Ignacio Camacho-ABC
El Rey ha percibido el conflicto como una crisis de régimen. Su propio 23-F, la prueba de contraste de su liderazgo
DESPUÉS de la proclama indubitada del Rey, que con un coraje tan necesario como contundente ha puesto la Corona sobre la mesa, en la sala de crisis de La Moncloa sólo queda por abrir una carpeta. Está rotulada con el número 155 y tiene desde anoche el aval implícito de la Jefatura del Estado, que ha salido a escena para reclamar la recuperación del orden constitucional desde la legítima autoridad de su liderazgo. El discurso real ha zanjado el debate sobre las estrategias a seguir cambiando el conflicto de marco: mientras las instituciones catalanas no vuelvan a la legalidad no ha lugar a ningún planteamiento de diálogo.
Felipe VI ha percibido que el desafío catalán ya no es sólo una crisis política sino de régimen, y que la nación se enfrenta a un proceso de carácter revolucionario. Ha leído el problema como su particular 23-F y ha salido, con la memoria de su padre bien presente, a atajarlo. Se ha dado cuenta de que ya no es hora de titubeos y de que la continuidad del sistema político que fundó Don Juan Carlos exige decisiones tajantes sin margen para el fracaso.

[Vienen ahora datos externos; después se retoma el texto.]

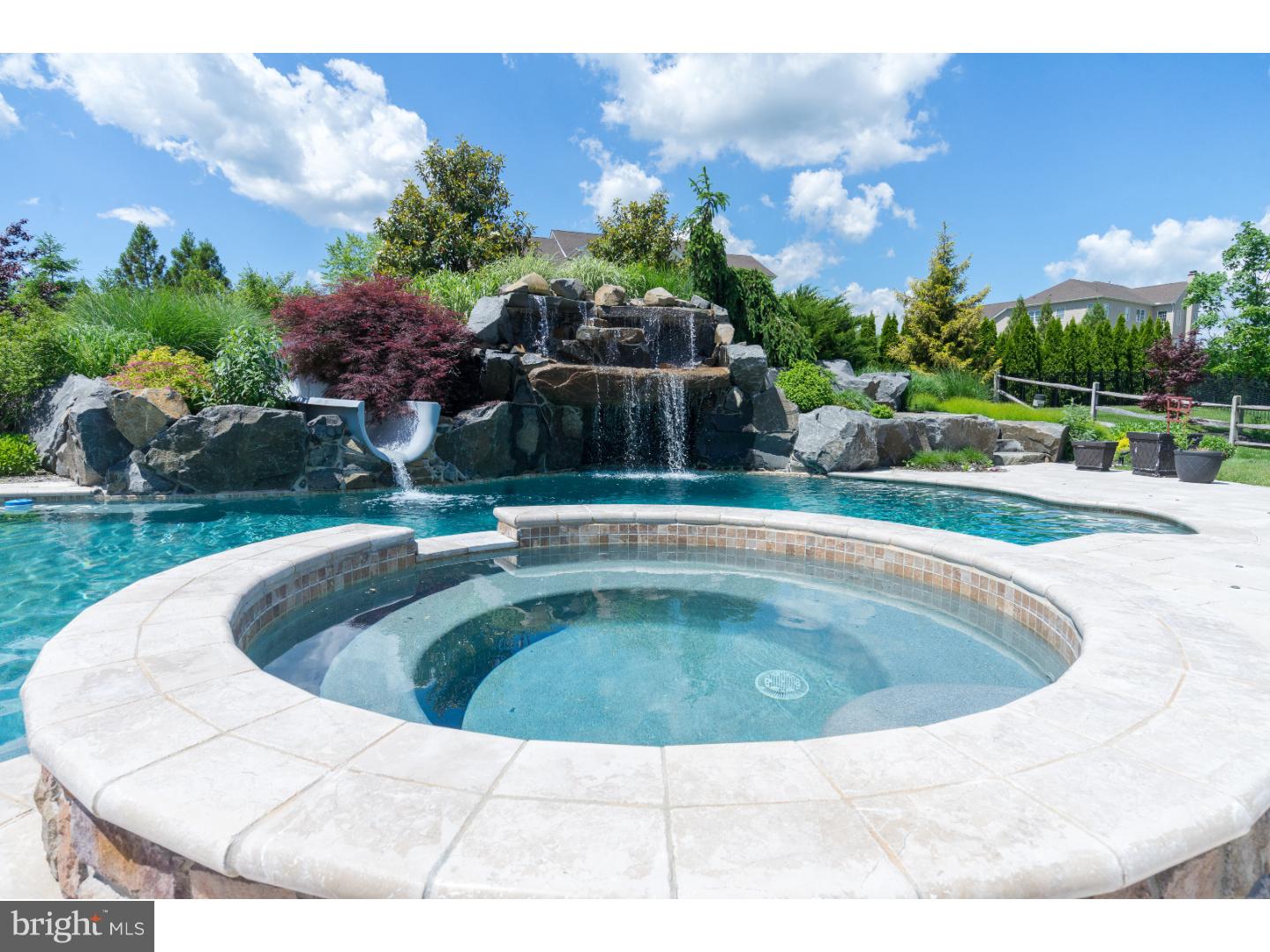 DUTCHESS FARM ESTS - Residential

Convertido de repente en el actor político más audaz del momento, el monarca ha irrumpido en escena con evidente riesgo. El inmediato rechazo de la izquierda radical lo señala sin tapujos como cómplice del Gobierno. La alocución se produce en un momento en que el Gabinete de Rajoy parece aturdido tras el fiasco del domingo, y cuando el PSOE ha empezado ofrecer dudas sobre su respaldo al bloque del constitucionalismo. El Rey describió la conducta de las autoridades catalanas en términos de reproche durísimo, plenamente consciente de que han puesto al país al borde del precipicio. Y también de que en los últimos días ha crecido en España una ola de indignación patriótica que necesita encontrar un cauce de respuesta para no hundir a la ciudadanía en la humillación colectiva y en el pesimismo.

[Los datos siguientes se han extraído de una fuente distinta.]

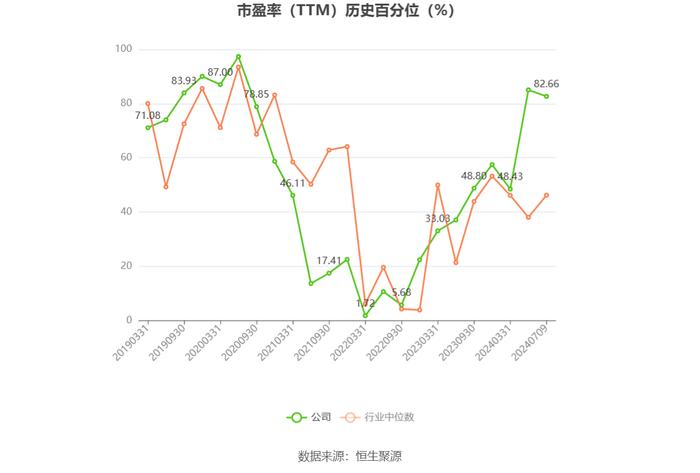 骏亚科技：预计2024年上半年亏损1500万元-1800万元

La intervención real llama a la acción política, el punto débil de un Gobierno y de un presidente que dan franca sensación de hallarse sobrepasados. Quizá en este momento Rajoy diese cualquier cosa por encontrar una micra de cordura al otro lado. Pero los soberanistas han entrado en la espiral de su propio delirio, envuelta en un halo incendiario. Las medidas de excepción se han vuelto inevitables, aunque falta consenso bajo la aparente unidad de los partidos de Estado. Lo de anoche fue casi una orden perentoria para restaurar la legalidad vulnerada y devolver a Cataluña al marco estatutario. El problema es que nadie sabe cómo se gestiona la suspensión del autogobierno catalán porque nada hay escrito ni planificado; el artículo 155 es prácticamente una hoja en blanco. Sin embargo, es tiempo de determinación y de responsabilidad; ya no caben pasos en falso. El presidente tiene que mover ficha porque el mismo Rey de España se ha jugado en el envite el cargo.